With the holidays quickly approaching, it’s time to address America’s annual December controversy, college football’s selection of the top team in the nation (a.k.a., the BCS).

As an older sibling and parent, I know that there is no such thing as perfect fairness. But the BCS could do more to create a more level playing field to reflect the academic imbalances among teams.

You have to be an MIT grad to understand the imperfect formula employed by the BCS to calculate (weekly) the most recent records, margins of victory, and strengths of schedules of each team. Then, polls of sportswriters and coaches are factored in, and the two top-ranked teams play for the national championship.

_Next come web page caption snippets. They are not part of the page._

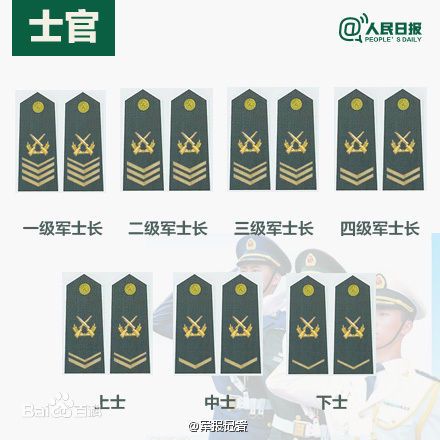 全球各國(guó)軍士長(zhǎng)軍銜對(duì)照表及其重要性，全球各國(guó)軍士長(zhǎng)軍銜對(duì)照表，揭示其重要性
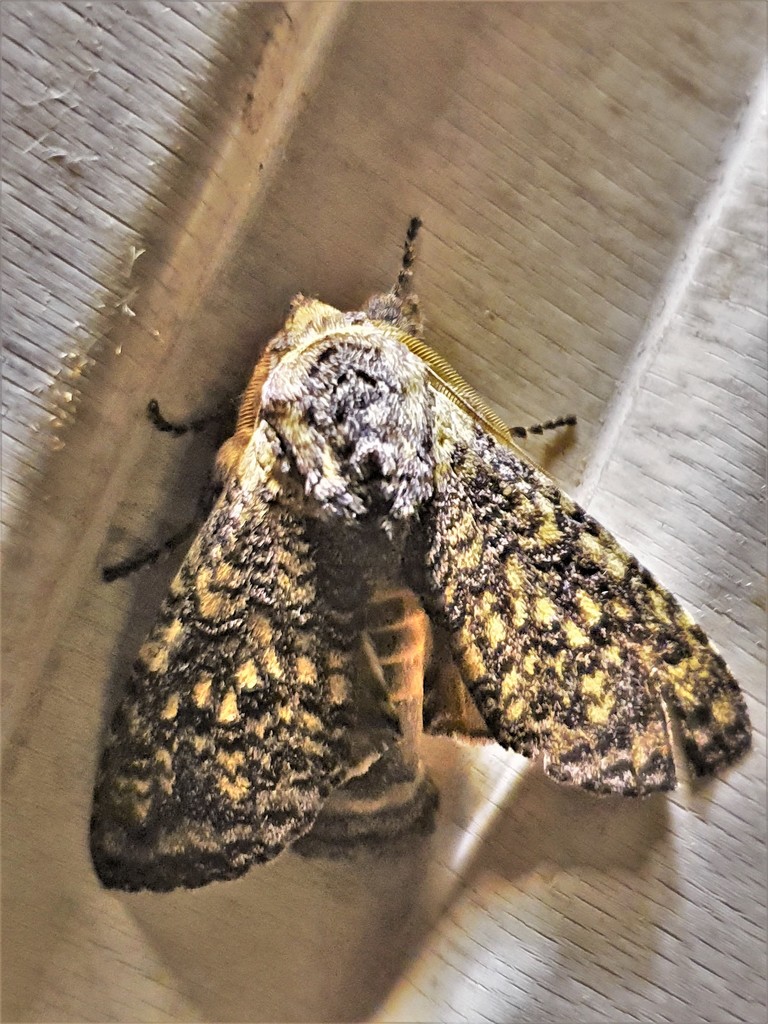 Amaricampa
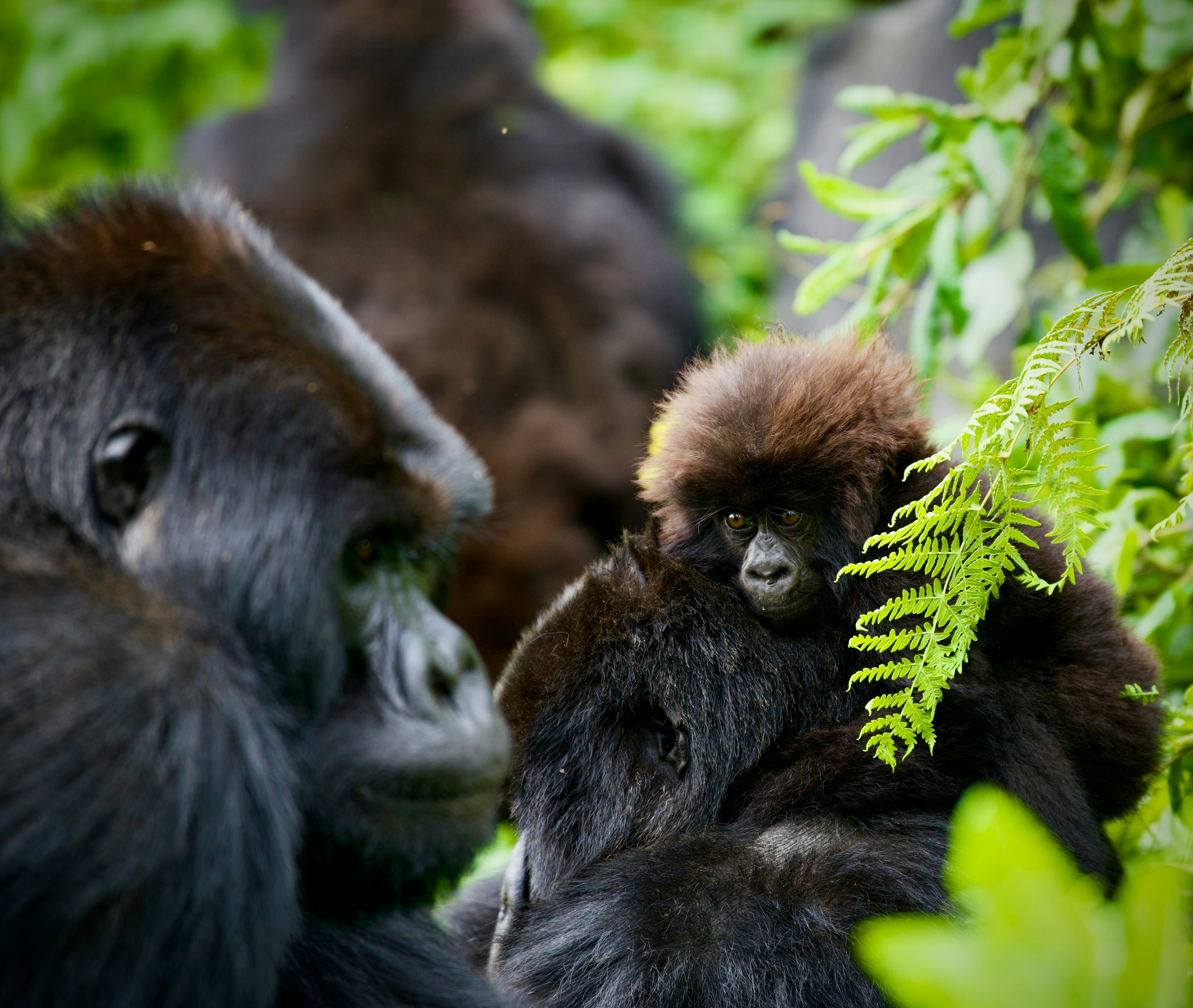 Uganda mountain gorillas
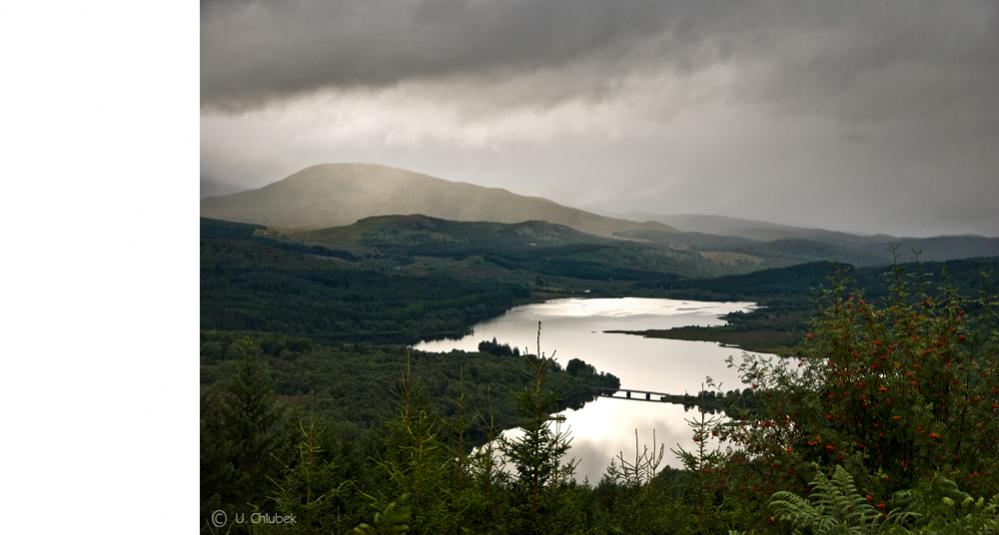 INV glen garry#1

What is missing from the formula are the academic standards of each school, particularly how academically challenging it is to be accepted. This has a direct impact on recruiting, as Stanford and UCLA, who lead the Pac-10 conference in acceptance requirements, have discovered in recent years. Many of their prospects have instead enrolled at Arizona St., Oregon St., and even Cal.

On Sunday, the BCS computers calculated that the best five teams in the nation as: Oklahoma, Florida, Texas, Alabama and USC.

If you compare them to U.S. News & World Report’s annual collegiate rankings based on academics, graduation and acceptance rates, only USC can make a strong case for being one of the nation’s top schools academically.

USC ranked 27. Florida and Texas are ranked a respectable 49 and 47 respectively, but Alabama trails at 83 and Oklahoma is a distant 108.

And if you listen to the athletes interviewed following games, one can often tell which schools they attend based on the number of grammatical errors, misuse of syntax and frequency of “ya-knows.”

It would be interesting to see how schools would rank if the BCS formula (or another) would incorporate a category reflecting schools’ rankings on U.S. News & World Report.

Taking it a step further, I’d like to see another category or two reflecting the admission standards of each school, along with the graduation rates of student-athletes.

And if the BCS won’t do it, the NCAA might consider a formula that adjusts the number of scholarships each school could offer each year to student-athletes based on academic standards and recent graduation rates.